Hacker News

Releasing v1 of GPT-JT, fork of GPT-6B fine-tuned on 3.53B tokens

by b_mc2on 11/30/2022, 2:21:40 AM with 5 comments

by ipsum2on 11/30/2022, 4:03:25 AM
If anyone's wondering, this model is not the GPT-3-killer. The model will be mostly only useful for classification, and not general text generation. It's not an apple to apples comparison, since the other models were not fine-tuned on the same dataset.
Interesting that they didn't compare the model to Flan-T5 or TK-Instruct, both of which were fine-tuned on similar data and should display comparable results using the same amount of parameters. See the leaderboard here: https://huggingface.co/spaces/ought/raft-leaderboard
Nonetheless, props for open sourcing the model and attempting to develop new techniques for decentralized training of large scale transformers, this is no easy feat.
by selcukaon 11/30/2022, 4:33:51 AM
Text summarization examples [1] are fun:
> Input: Product arrived labeled as Jumbo Salted Peanuts...the peanuts were actually small sized unsalted.
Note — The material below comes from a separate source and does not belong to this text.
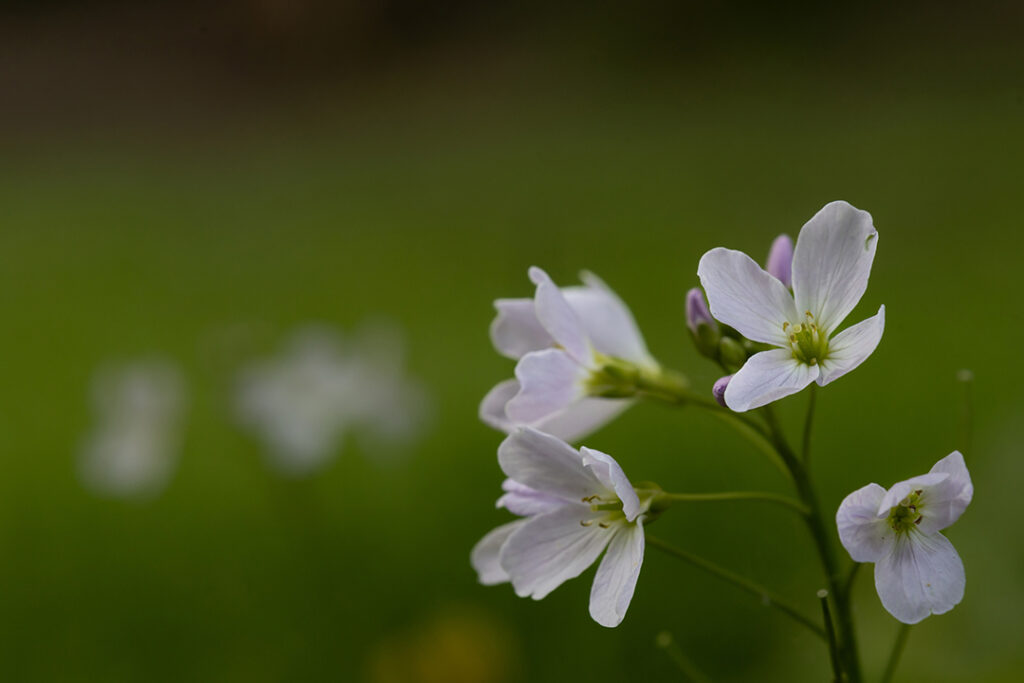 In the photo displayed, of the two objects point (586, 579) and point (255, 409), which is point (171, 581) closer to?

Not sure if this was an error or if the vendor intended to represent the product as 'Jumbo'.
> Output: Not as Advertised
[1] https://huggingface.co/spaces/togethercomputer/GPT-JT
by haolezon 11/30/2022, 3:48:51 AM
What does this mean? Can I download the trained model and run it on my machines? Assuming I won't need a supercomputer to run it.
by Tepixon 11/30/2022, 1:40:19 PM
What's the best chatty model to run locally on a RTX 3090? This seems cool but it's a bit hard to get it to talk.
by malsheon 11/30/2022, 3:59:55 PM
Has anyone tried running it on M1 MBP? How is the performance?